Ordinarily the design of the Frieze London tent goes unnoticed unless something goes wrong – the light too glaring, the entrance too clustered, the heat too high.
This year, however, the Frieze Projects commissions have burrowed thematically and physically into the fair’s temporary architecture. Taking cues from interventions at Frieze New York in May, the artists’ structures occupy gaps in the site, or encourage visitors to re-assess their relationship with the space.
‘We thought it would be interesting to think about the materials that go into the temporary architecture of Frieze and to use that to shift people’s experiences of the site,’ explains curator Nicola Lees. ‘That’s why I wanted to use artists whose work was interdisciplinary, such as ÅYR, who have a background in architecture, or Jeremy Herbert, who also works as a set designer.’
Herbert’s is perhaps the most dramatic intervention.
Concealed in a skulking, battleship-grey box occupying an atrium at the heart of the fair, it is accessed by a half-height door worthy of Alice in Wonderland.
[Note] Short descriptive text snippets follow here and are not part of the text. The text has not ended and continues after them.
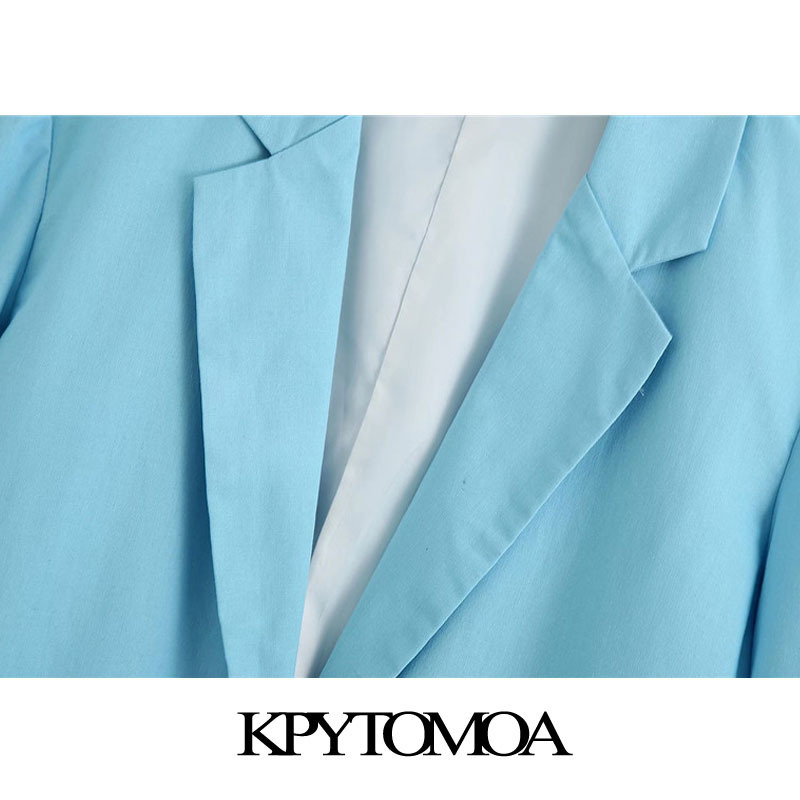 KPYTOMOA Women Fashion Single Button Long Style Blazers Coat Vintage Notched Collar Sleeve Female Outerwear Chic Tops 201114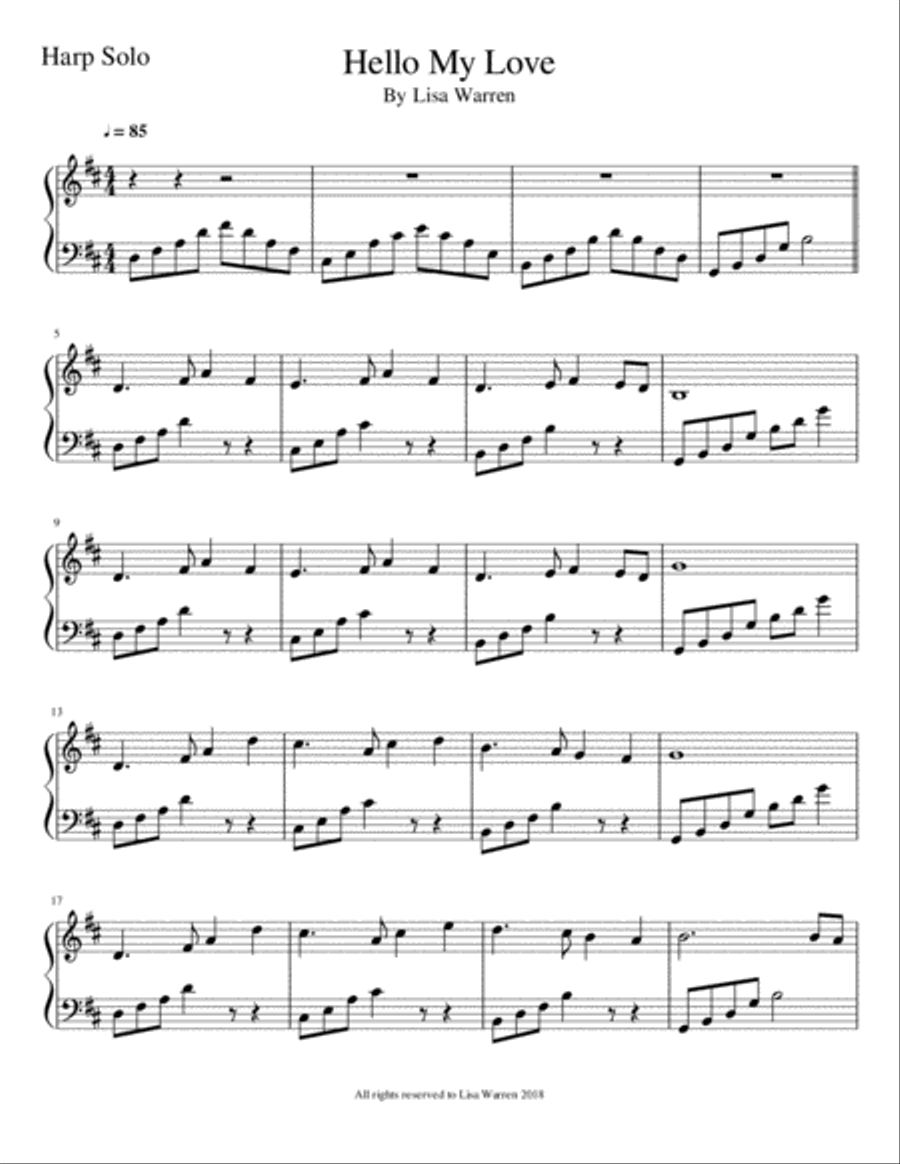 Hello My Love Hello My Love Harp scores gallery preview page 1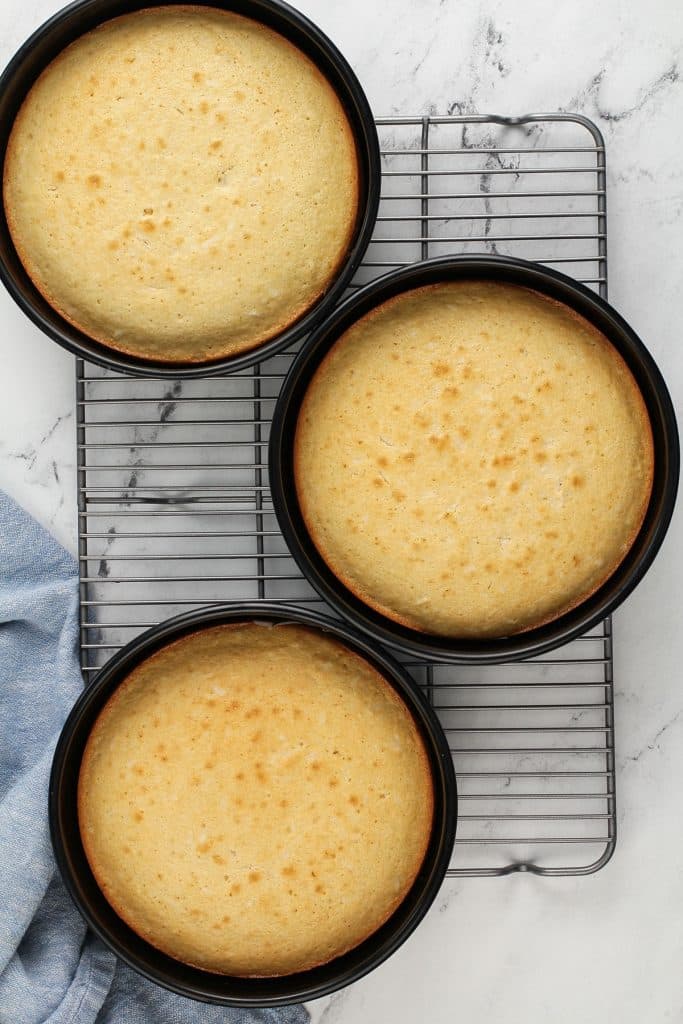 Three Baked Cakes in their baking pans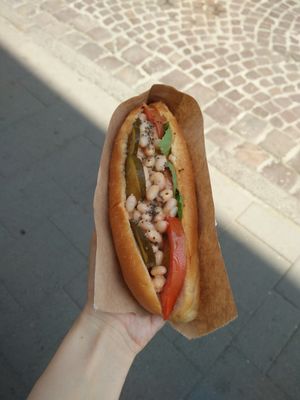 Vegan hot dog! at Dogs Like Ducks in Lviv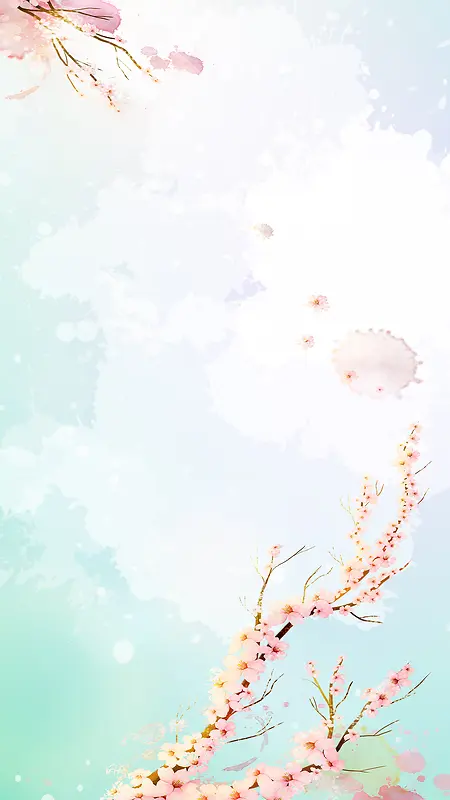 三生三世十里桃花粉色花朵渐变背景素材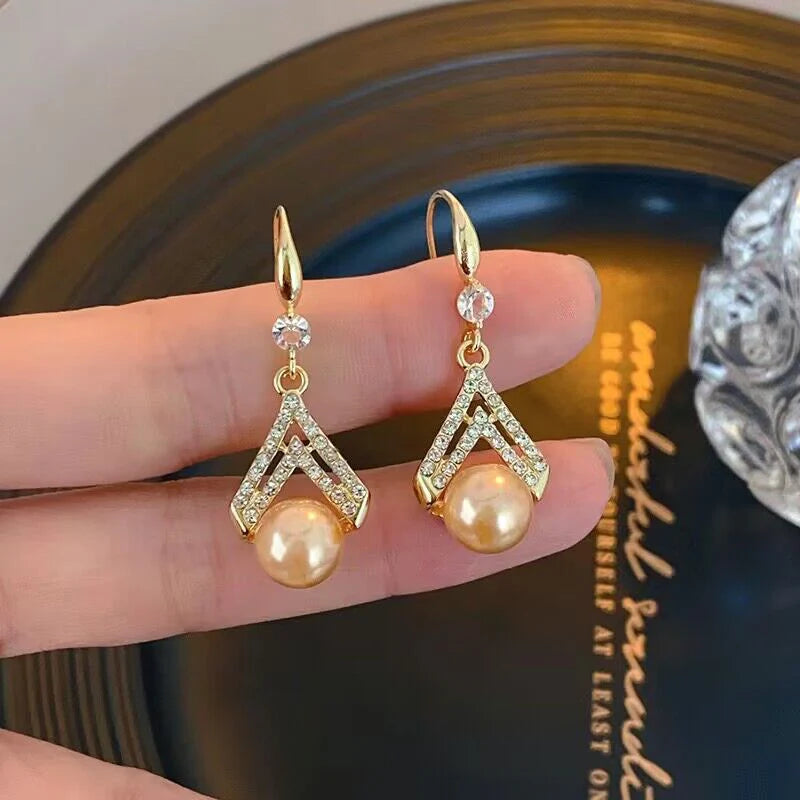 Korean Champagne Pearl Ear Hook Earrings - KE591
A downward ramp leads to a dim space beneath the tent, animated from one side by a silent wind machine of the artist’s own devising. Standing with your feet in the grass and the wind in your hair, gazing out across the scaffolding structure holding the tent aloft, one feels wild and miniaturised, as if taking a cat’s eye view.
Anthropomorphic experiences are provided too by Rachel Rose, in another installation that will prove demanding for those with creaky joints.
Rose presents a mini version of the tent itself, so small that the carpeted space must be entered on hands and knees, inside which she has filtered audiovisual elements to reflect the perceptive scope of creatures inhabiting Regent’s Park. Playlists and flickering colours will change in texture day by day to reproduce the experience of a fox, mouse, newt, robin and stickleback, and their more or less alien worldviews.
‘By working with the architectural elements we have been able to have more control over all of the senses,’ explains Lees. ‘Scale has also been important – from Lutz Bacher’s corridor, which is quite monumental, to Rose’s miniature tent.’
Lees and the artists that she commissioned have worked closely with Universal Design Studio to fully incorporate the projects into their design of the tent structure.
The most visible of all the commissions, Bacher’s corridor into the fair is entered via black PVC strip curtains of the kind specified for slaughterhouse use, and clad in dark stage flats bearing foreboding slogans (‘Welcome to Purgatory’) that once formed part of a film set.
Others, such as ÅYR’s Comfort Zone, are intentionally more concealed.
Asad Raza’s chamber, hidden behind a bookshop, takes inspiration from the use of caves and other natural features in the ritual sites of ancient religions.
Occupied by performers and horse chestnut limbs, it evokes the cult and worship of the Greek god Pan, and the understanding of the limits of human mastery over the natural world that he symbolizes. Raza characterizes the cultural identity of the cave as a ‘found place’ of ‘encounter and also shelter’.
It’s a fitting alternative to the rational intentionality of the tent itself.